Assume that I have a process $y_t$ such that $$y_t = c + \phi_1 y_{t-1} + \ldots + \phi_p y_{t-p} + u_t$$ where $u_t$ is i.i.d. white noise such that $E[u_t] = 0, \forall t$ and $E[u_t u_s]$ is equal to $\sigma^2$ if $t = s$ and 0 otherwise. Define $$x_t = \begin{bmatrix} 1 \\ y_{t-1} \\ \vdots \\ y_{t-p} \end{bmatrix} \quad \text{and} \quad \phi = \begin{bmatrix} c \\ \phi_{1} \\ \vdots \\ \phi_{p} \end{bmatrix}$$ so that we can write $$y_t = x_t'\phi + u_t.$$ This process can be estimated by OLS such that $$\hat{\phi} = \left(\sum_{t = 1}^{T} x_t x_t' \right)^{-1} \sum_{t = 1}^{T} x_t y_t$$ and $\sigma^2$ can be estimated by $$s^2 = \frac{1}{T - p - 1} \sum_{t = 1}^{T} \left(y - x_t'\hat{\phi} \right)^2.$$
Note that this analysis requires that we have access to $T + p$ samples of $y_t$ denoted as $(y_{-p+1}, y_{-p+2}, \ldots, y_0, y_1, \ldots, y_T)$. However, I have noticed that implementation of this result is very ambiguous. In a practical setting, you would have only $T$ observations from which estimation would be carried out using $T-p$ so that all the previous summations go from $p+1$ to $T$ and thus the correction should be done using $T - 2p - 1$. Using the R command ar
with method ols
uses $T - p$, while in a multivariate setting, package vars
uses $T - kp - 1$ where $k$ is the number of endogenous variables.

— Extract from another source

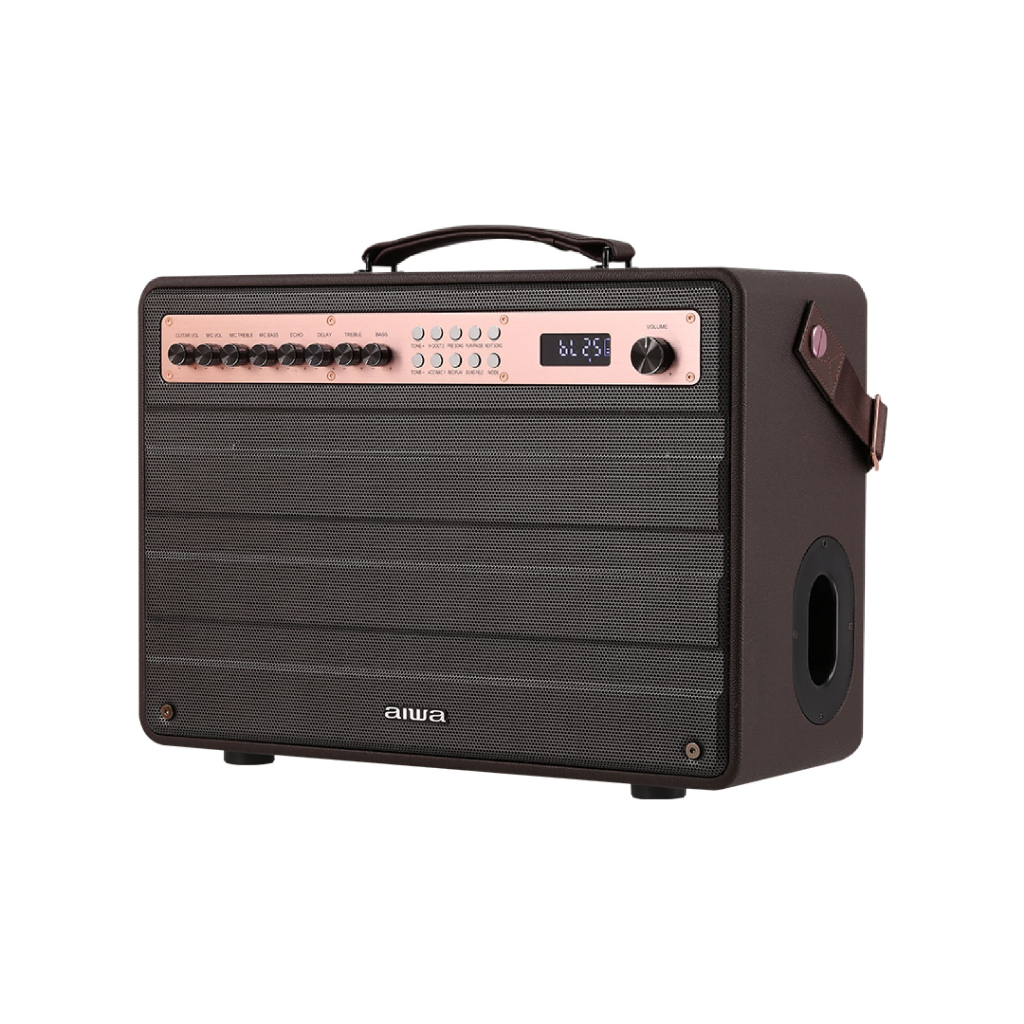 AIWA Enigma Alpha (MI-X800) Bluetooth Speaker Super Bass ลำโพงบลูทูธพกพา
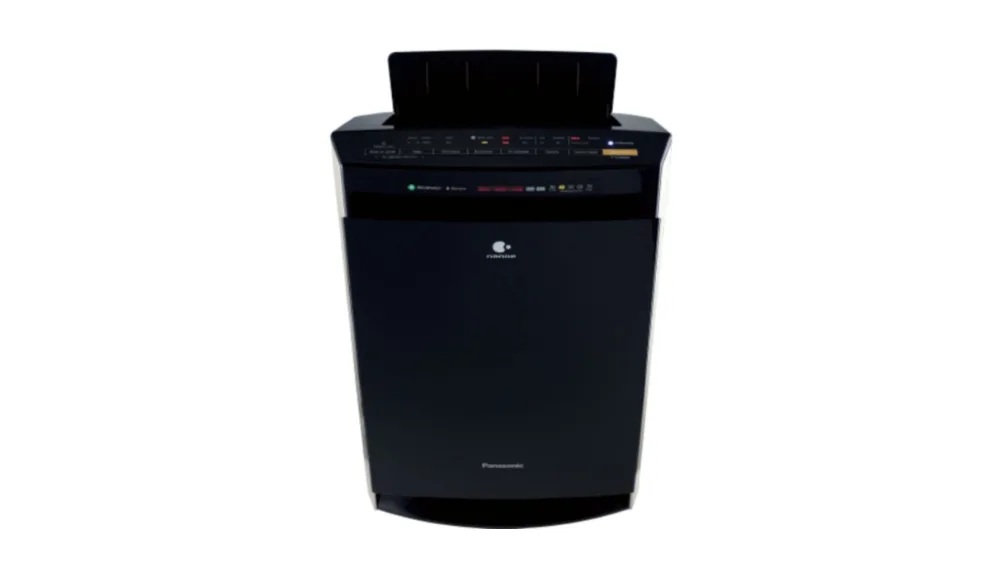 Panasonic F-VXR50R в чёрном корпусе, вид спереди сверху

Could someone explain the intuition behind these corrections over what I would assume to be the correct one (using $T - 2p - 1$)? I know that asymptotically it is all the same, but the corrections are done precisely in order to improve finite-sample properties and so I'm not sure why you wouldn't use such results.